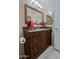 Bathroom featuring vanity with granite counters, single sink, and wood cabinets at 10250 E Morning Star Dr, Scottsdale, AZ 85255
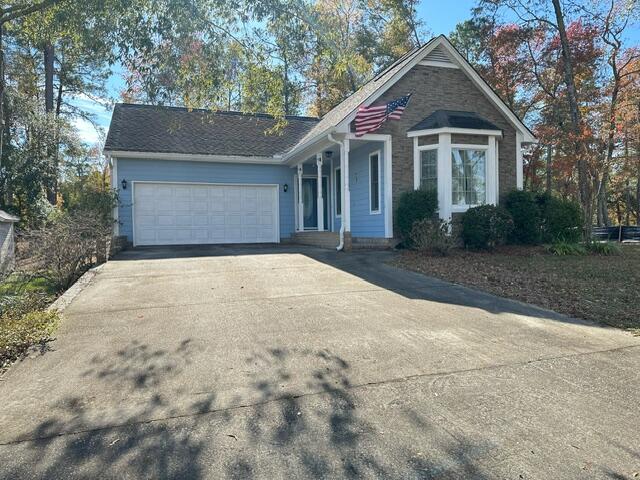 ranch-style home with concrete driveway and an attached garage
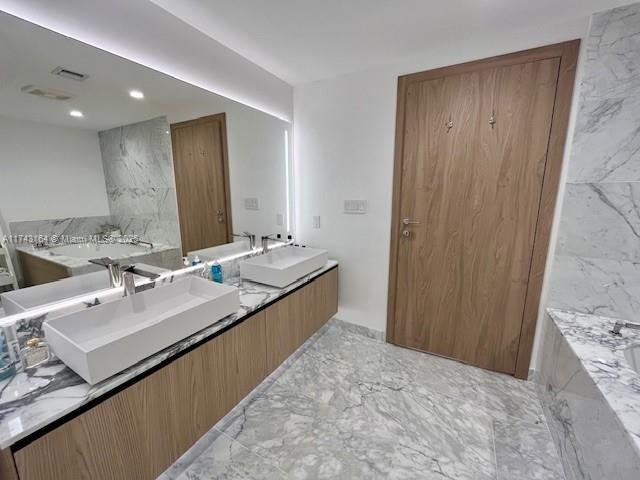 bathroom featuring vanity and a bathing tub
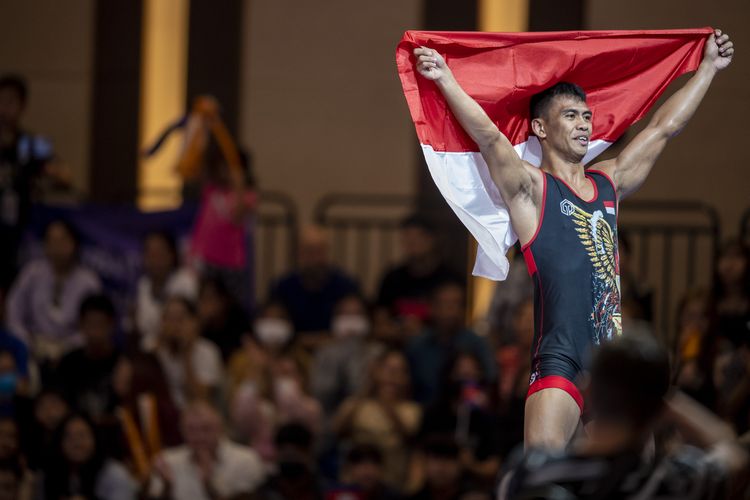 Pegulat putra Indonesia Muhammad Aliansyah membentangkan bendera Merah Putih seusai mengalahkan pegulat Vietnam Manh Hung Bui pada pertandingan gulat gaya Yunani Romawi (Greco Roman) 67 kilogram putra SEA Games 2023 di Chroy Changvar International Convention & Exhibition Center, Phnom Penh, Kamboja, Minggu (14/5/2023). Muhammad Aliansyah berhasil meraih medali emas usai mengalahkan pegulat Vietnam dengan skor 13-6, sehingga menduduki peringkat pertama dengan total 25 poin yang diikuti pegulat Vietnam Manh Hung Bui dengan 20 poin dan pegulat Filipina Chlovelle Van Ygona Adolfo dengan 15 poin. ANTARA FOTO/M Agung Rajasa/nym.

[How to complete this task]
When you set down the material above, keep every word exact and include no pictures.

[Solution to this task]
 Bathroom featuring vanity with granite counters, single sink, and wood cabinets at 10250 E Morning Star Dr, Scottsdale, AZ 85255
 ranch-style home with concrete driveway and an attached garage
 bathroom featuring vanity and a bathing tub
 Pegulat putra Indonesia Muhammad Aliansyah membentangkan bendera Merah Putih seusai mengalahkan pegulat Vietnam Manh Hung Bui pada pertandingan gulat gaya Yunani Romawi (Greco Roman) 67 kilogram putra SEA Games 2023 di Chroy Changvar International Convention & Exhibition Center, Phnom Penh, Kamboja, Minggu (14/5/2023). Muhammad Aliansyah berhasil meraih medali emas usai mengalahkan pegulat Vietnam dengan skor 13-6, sehingga menduduki peringkat pertama dengan total 25 poin yang diikuti pegulat Vietnam Manh Hung Bui dengan 20 poin dan pegulat Filipina Chlovelle Van Ygona Adolfo dengan 15 poin. ANTARA FOTO/M Agung Rajasa/nym.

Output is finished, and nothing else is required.